In my memory, the morning air on this first day of school should have been crisp, but it was hot instead, a summer day arbitrarily designated to mark the beginning of fall. In compensation, school children will have recess, friends to play with, and new teachers to become acquainted with. Their parents will have peace and quiet, until after school when their children will be chattier than usual and very emphatic, excited and exhausted at the same time, and, to a certain extent, resigned.
At our house this morning, alarms started going off at half hour intervals beginning at 5:30. First, Tom (for zero hour seminary), then Abby (her first day of junior high), then Scott, then Emily, then me. Clothes were already laid out, of course, for the first day of school, and backpacks, lunch money, and water bottles were all ready to go.
On the first day of school we’re firing on all pistons like a well oiled machine.

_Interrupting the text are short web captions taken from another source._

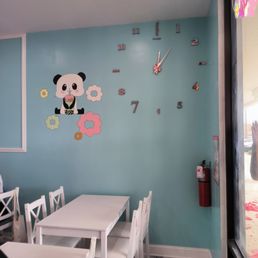 a table and chairs with a clock on the wall a table and chairs with a clock on the wall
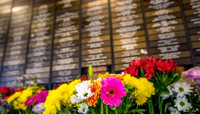 Colourful flowers in front of wall full of small plaques bearing the names of deceased loved ones preview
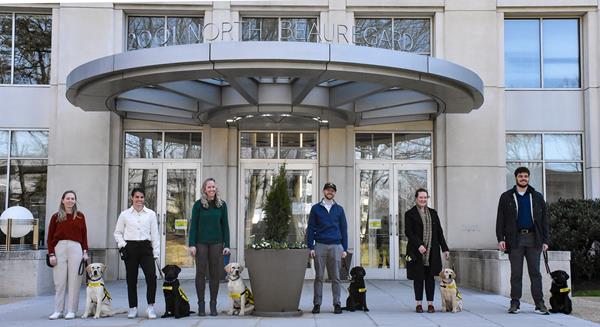 Six SPA employees with Future Guide and Service Dog Puppies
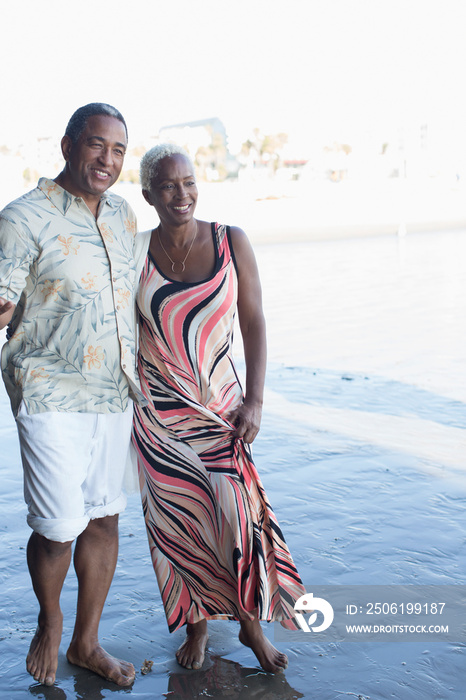 Happy senior couple on wet sand beach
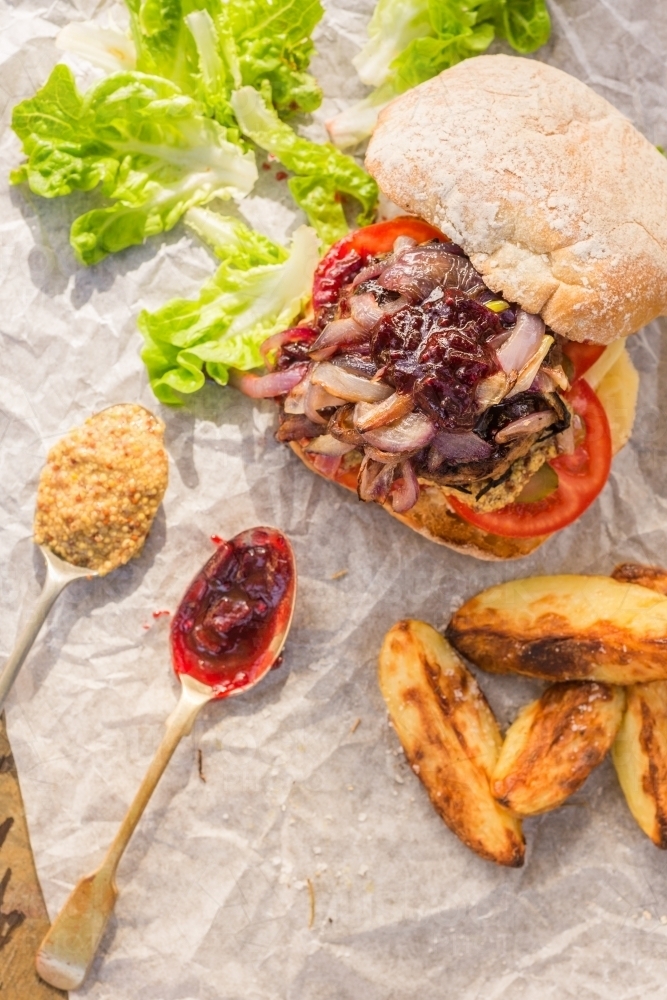 hamburger with potato wedges and two spoons with mustard and relish - Australian Stock Image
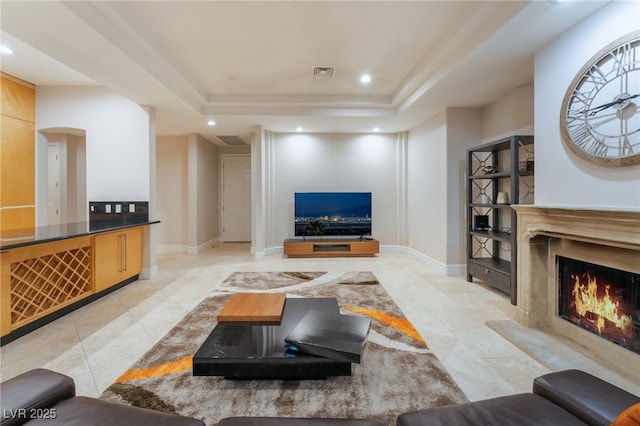 2221 Glenbrook Way, Las Vegas, NV 89117 - living area with a raised ceiling, recessed lighting, visible vents, and a high end fireplace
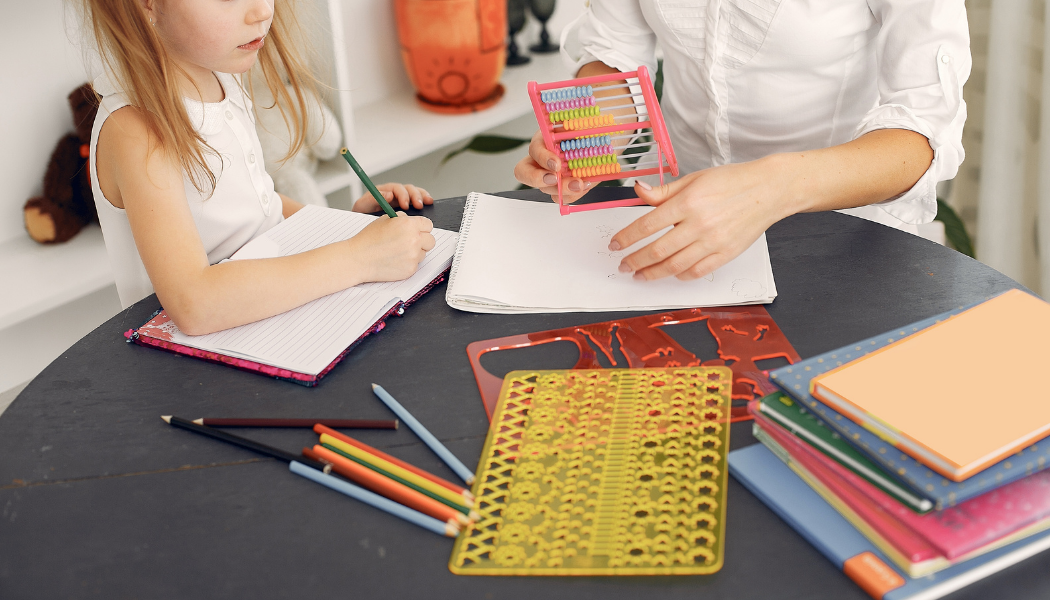 Female child writing with a pencil next to an adult holding an abacus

Everyone knows where both shoes are and has matching socks, for example, but time will inevitably prove the entropy theory again, and things will be in “perfect internal disorder.” We will achieve a sort of equilibrium verging on chaos soon where one forgotten but essential load of laundry will threaten everything else.
But today – today went quite well, and I am blogging again.
3 comments:
This could only have been written by a very experienced mother. Funny how you thought this morning worked like a well-oiled machine when I had to turn my 4-door sedan verison of a school bus around to pick up a missed trumpet. But I guess, otherwise, it went pretty smoothly.
Well if the trumpet and all kids made it to school on time, dressed, with all their supplies. It was a huge success by my book.
~Leah
Picture Emily (mine) crying when I try to drop her off at school...picture not knowing where to go and mean ladies shouting orders at you... picture nervous tummies and a basket-case mom...
Florida's no Utah and school isn't just across the street anymore. Sigh...
Actually my kids were 4 days late to school as we were stuck in Utah (following a family reunion) because of the pending Hurricane. On the real first day of school, we were at a Utah urgent care having Emily's arm put in a cast after breaking it falling off a trampoline the day before. So our first day of school was everyone else's 5th day of school and we were lost.